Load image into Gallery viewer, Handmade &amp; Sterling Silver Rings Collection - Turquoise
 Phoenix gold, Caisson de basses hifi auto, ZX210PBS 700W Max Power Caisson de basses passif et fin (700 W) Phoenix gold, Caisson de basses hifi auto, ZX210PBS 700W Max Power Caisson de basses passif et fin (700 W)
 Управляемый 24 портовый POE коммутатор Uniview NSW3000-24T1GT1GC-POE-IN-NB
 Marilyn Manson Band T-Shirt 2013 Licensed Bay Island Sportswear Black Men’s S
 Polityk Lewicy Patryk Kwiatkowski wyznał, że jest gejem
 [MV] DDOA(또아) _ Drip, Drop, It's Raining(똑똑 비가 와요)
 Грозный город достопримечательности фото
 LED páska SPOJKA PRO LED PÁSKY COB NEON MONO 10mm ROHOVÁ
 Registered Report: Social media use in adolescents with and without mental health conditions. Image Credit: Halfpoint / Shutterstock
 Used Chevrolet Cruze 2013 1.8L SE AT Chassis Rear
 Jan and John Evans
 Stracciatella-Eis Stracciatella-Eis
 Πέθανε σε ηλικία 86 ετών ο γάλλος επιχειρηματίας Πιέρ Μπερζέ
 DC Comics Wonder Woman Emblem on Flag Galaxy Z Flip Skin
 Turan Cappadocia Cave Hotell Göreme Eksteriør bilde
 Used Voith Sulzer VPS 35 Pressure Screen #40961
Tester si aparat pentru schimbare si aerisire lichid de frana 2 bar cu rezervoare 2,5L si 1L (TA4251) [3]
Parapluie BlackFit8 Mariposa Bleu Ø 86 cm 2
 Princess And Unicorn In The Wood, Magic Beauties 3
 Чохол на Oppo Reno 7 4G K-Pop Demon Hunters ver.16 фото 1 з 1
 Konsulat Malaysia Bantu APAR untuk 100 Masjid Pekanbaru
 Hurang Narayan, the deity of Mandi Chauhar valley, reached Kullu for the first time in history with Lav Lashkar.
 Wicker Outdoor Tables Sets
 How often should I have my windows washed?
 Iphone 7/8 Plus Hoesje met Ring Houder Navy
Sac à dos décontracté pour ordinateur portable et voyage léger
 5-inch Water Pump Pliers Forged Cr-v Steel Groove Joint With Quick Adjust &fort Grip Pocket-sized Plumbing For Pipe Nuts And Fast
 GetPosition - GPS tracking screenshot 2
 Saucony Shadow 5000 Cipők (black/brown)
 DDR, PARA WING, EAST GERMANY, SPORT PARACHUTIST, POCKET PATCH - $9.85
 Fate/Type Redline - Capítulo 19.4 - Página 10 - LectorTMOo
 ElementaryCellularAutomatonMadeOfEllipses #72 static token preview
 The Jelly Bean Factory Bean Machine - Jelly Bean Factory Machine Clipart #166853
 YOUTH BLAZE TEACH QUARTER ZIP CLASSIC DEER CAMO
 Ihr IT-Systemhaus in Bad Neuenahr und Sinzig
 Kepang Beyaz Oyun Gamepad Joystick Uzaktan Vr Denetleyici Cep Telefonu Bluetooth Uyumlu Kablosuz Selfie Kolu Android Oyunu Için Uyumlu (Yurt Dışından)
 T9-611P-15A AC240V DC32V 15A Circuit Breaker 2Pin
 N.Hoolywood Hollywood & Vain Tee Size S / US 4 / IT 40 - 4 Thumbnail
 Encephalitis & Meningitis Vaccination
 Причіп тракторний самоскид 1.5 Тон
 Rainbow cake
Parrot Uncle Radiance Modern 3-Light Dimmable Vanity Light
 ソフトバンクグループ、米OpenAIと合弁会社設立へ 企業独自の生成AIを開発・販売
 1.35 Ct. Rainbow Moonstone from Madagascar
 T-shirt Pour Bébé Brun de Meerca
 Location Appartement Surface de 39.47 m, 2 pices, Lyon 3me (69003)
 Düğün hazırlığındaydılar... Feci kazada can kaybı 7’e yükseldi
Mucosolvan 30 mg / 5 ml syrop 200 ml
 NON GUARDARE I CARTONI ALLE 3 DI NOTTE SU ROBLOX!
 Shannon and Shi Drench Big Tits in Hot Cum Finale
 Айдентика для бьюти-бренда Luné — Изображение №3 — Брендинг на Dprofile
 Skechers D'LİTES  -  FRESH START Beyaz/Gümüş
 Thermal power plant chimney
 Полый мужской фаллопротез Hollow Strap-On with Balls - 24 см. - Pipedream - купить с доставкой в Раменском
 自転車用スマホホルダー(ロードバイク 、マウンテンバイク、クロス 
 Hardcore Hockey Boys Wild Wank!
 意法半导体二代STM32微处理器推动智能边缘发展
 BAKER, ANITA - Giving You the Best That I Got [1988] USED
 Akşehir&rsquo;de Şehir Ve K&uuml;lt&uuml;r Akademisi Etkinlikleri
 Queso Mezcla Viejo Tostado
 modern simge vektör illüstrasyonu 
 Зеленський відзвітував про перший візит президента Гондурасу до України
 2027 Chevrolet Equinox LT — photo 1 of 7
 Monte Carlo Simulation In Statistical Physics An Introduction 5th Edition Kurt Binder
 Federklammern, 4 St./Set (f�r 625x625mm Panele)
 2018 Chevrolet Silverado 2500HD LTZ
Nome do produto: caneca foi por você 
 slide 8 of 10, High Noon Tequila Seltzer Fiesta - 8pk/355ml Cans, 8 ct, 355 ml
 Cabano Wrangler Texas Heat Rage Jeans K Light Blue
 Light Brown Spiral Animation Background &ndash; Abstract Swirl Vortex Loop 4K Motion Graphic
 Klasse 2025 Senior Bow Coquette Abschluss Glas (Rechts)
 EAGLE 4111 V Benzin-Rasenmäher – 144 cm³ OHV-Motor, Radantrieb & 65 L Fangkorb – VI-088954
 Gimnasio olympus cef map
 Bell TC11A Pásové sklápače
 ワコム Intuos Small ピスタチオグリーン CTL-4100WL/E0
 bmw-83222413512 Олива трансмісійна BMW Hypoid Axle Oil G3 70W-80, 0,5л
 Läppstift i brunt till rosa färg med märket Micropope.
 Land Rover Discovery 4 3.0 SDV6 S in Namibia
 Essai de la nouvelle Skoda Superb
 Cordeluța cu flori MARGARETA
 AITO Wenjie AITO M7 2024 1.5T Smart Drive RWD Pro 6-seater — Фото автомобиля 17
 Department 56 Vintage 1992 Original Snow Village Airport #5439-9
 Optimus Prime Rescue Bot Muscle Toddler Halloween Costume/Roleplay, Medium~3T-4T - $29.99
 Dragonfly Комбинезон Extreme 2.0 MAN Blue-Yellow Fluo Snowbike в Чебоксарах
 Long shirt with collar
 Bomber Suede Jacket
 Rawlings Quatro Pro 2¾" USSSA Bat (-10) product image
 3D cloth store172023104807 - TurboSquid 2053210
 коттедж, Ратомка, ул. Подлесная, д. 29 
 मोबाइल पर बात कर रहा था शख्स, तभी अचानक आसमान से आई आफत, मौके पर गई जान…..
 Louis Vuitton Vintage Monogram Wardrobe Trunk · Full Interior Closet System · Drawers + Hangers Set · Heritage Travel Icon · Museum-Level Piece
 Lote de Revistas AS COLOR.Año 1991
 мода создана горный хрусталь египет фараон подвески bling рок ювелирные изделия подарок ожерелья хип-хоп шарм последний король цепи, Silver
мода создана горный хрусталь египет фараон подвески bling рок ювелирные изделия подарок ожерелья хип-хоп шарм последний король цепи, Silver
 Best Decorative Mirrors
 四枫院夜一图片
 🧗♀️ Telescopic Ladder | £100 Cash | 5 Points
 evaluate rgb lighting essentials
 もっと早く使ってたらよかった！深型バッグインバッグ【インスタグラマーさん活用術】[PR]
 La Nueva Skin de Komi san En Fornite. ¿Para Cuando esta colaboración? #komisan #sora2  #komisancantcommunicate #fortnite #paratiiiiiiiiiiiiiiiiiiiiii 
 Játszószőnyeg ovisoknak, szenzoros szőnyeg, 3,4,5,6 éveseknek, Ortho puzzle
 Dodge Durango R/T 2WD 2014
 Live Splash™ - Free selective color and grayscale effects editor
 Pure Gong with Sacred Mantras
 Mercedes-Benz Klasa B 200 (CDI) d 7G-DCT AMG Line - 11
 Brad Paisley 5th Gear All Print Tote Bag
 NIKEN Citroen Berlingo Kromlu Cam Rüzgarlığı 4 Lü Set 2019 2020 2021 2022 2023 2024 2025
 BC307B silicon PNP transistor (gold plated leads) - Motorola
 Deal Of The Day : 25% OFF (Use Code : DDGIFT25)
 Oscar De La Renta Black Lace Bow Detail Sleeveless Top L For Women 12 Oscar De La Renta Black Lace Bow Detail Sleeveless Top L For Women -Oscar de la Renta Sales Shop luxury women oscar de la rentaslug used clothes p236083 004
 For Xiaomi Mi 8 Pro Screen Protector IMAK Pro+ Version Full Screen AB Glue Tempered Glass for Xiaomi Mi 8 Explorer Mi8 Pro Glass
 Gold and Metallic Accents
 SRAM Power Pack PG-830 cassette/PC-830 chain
+---+
__Work instructions__: What is asked for is an exact copy of the lines above from the one containing "Айдентика для бьюти-бренда" through the one containing "modern simge vektör illüstrasyonu", and only those.

__Written solution__:
 Айдентика для бьюти-бренда Luné — Изображение №3 — Брендинг на Dprofile
 Skechers D'LİTES  -  FRESH START Beyaz/Gümüş
 Thermal power plant chimney
 Полый мужской фаллопротез Hollow Strap-On with Balls - 24 см. - Pipedream - купить с доставкой в Раменском
 自転車用スマホホルダー(ロードバイク 、マウンテンバイク、クロス 
 Hardcore Hockey Boys Wild Wank!
 意法半导体二代STM32微处理器推动智能边缘发展
 BAKER, ANITA - Giving You the Best That I Got [1988] USED
 Akşehir&rsquo;de Şehir Ve K&uuml;lt&uuml;r Akademisi Etkinlikleri
 Queso Mezcla Viejo Tostado
 modern simge vektör illüstrasyonu 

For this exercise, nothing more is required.